Re: [Scheme-reports] DISCUSSION/VOTE: The character tower
Bear 06 May 2014 20:45 UTC
On Tue, 2014-05-06 at 14:45 -0400, John Cowan wrote:
> Bear scripsit:
> > If we presume that the standard should leave a choice of internal
> > normalization form to the implementations,
>
> <chair hat="off">
> Now we get into the tight and the bad and the crazy. Do you really
> think that it should be up to the implementation to choose whether
> (string-length (string #\A #\x0301)) returns 1 or 2? I submit
> that for the (scheme base) versions of these procedures the result
> must be 2. If you want auto-normalizing, you need to create a
> parallel string library that provides it.
> </chair>
>
> (#\x0301 is COMBINING ACUTE ACCENT, which following A makes it Á.)
That ship has sailed, I fear. When R6 and R7-small were being
discussed, I advocated a model of characters as Unicode base
character plus nondefective combining sequence, which would
solve this problem and unambiguously make this string length 1,
regardless of which normalization form were used to represent the
value in memory. It would also make 'indexing' and locations
of characters in strings unambiguous, mostly eliminate length
changes on case operations, preserve the string-as-sequence-of
characters semantics we had, and yield a character semantics
cleaner and less ambiguous than Unicode's and capable of being
mapped cleanly onto other character repertoires or representations,
all of which I thought of as good things.
But it was without any widespread implementation support.
Further, it would make the char library you referred to in the
last question impossible to implement, because in that model
there are a literally infinite number of possible characters,
and then you have a halting-problem issue when trying to
iterate over them all. So it was rejected.
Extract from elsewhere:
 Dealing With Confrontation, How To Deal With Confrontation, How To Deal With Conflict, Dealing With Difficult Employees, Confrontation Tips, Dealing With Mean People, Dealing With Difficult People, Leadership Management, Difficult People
That rejection means we now have a model in which a character is
a Unicode codepoint. Because there are multiple ways to express
given strings as sequences of unicode codepoints, the identity
of a string is now unglued from the identities of the characters
from which it was built and we no longer have clean string-as-
sequence-of-characters semantics. Questions such as
(string-length (string #\A #\x301))
are therefore now irrevocably dependent on unicode, and
specifically on unicode normalization form.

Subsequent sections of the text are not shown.